Le Rôle Pivot du DAF dans le reporting de durabilité
Une fois les données collectées, corrélées et certifiées, une nouvelle étape se présente : l’engagement sur les plans obligatoires de remédiation et le pilotage transverse de leur mise en œuvre. Dans ce contexte, l’empowerment du directeur RSE est essentiel, et le DAF garde un rôle central dans l’arbitrage entre les améliorations RSE et la performance globale de l’entreprise. Le DAF doit être en mesure de fournir des analyses financières robustes pour évaluer l’impact financier des initiatives de durabilité proposées et aider à prioriser les investissements en conséquence.
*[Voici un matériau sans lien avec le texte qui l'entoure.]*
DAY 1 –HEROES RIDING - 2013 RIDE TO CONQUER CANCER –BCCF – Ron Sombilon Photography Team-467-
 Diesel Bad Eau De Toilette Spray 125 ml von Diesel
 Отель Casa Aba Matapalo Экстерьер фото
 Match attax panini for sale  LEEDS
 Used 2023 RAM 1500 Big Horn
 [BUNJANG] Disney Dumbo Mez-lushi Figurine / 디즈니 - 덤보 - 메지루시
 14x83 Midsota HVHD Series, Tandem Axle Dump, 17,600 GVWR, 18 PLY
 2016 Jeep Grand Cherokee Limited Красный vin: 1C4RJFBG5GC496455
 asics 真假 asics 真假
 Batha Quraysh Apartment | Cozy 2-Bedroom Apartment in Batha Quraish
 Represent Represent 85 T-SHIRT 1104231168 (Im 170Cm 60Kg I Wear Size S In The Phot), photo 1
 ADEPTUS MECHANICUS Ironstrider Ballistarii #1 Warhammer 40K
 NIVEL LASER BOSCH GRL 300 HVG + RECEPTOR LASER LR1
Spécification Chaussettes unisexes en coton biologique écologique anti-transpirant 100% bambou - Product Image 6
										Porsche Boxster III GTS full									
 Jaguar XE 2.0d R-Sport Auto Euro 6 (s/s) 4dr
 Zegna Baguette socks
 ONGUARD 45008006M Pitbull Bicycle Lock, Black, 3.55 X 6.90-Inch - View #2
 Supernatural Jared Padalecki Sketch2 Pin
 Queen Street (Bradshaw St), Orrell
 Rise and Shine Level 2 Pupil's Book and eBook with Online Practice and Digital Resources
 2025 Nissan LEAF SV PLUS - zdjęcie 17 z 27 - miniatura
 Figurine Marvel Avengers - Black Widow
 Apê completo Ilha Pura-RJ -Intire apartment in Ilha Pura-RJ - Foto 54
De plus, il doit travailler en étroite collaboration avec les parties prenantes internes et externes pour communiquer de manière transparente les progrès réalisés et les défis rencontrés dans la mise en œuvre de la stratégie de durabilité de l’entreprise.
La CSRD n’est pas seulement une nouvelle obligation réglementaire ; elle représente une transformation profonde du rôle du DAF, qui doit désormais conjuguer fiabilité des données financières et extra-financières et communication stratégique. La réussite dans cette nouvelle ère repose sur l’adaptabilité des DAF, sur leur capacité à collaborer étroitement avec les directions RSE et SI, ainsi que sur leur compétence à piloter le changement dans l’ensemble de l’organisation. Alors que les entreprises se préparent à embarquer dans ce voyage, il devient crucial de reconnaître les défis inhérents à cette transition et de s’y préparer de manière proactive. Les DAF qui réussiront dans ce nouveau paysage financier seront ceux qui embrasseront pleinement leur rôle élargi et travailleront activement à intégrer la durabilité dans la stratégie et les opérations de leur entreprise. La contrainte de la CSRD devient donc une opportunité pour les DAF d’enrichir leur zone d’expertise et d’accroître leurs compétences et influence au profit des entreprises qu’ils servent.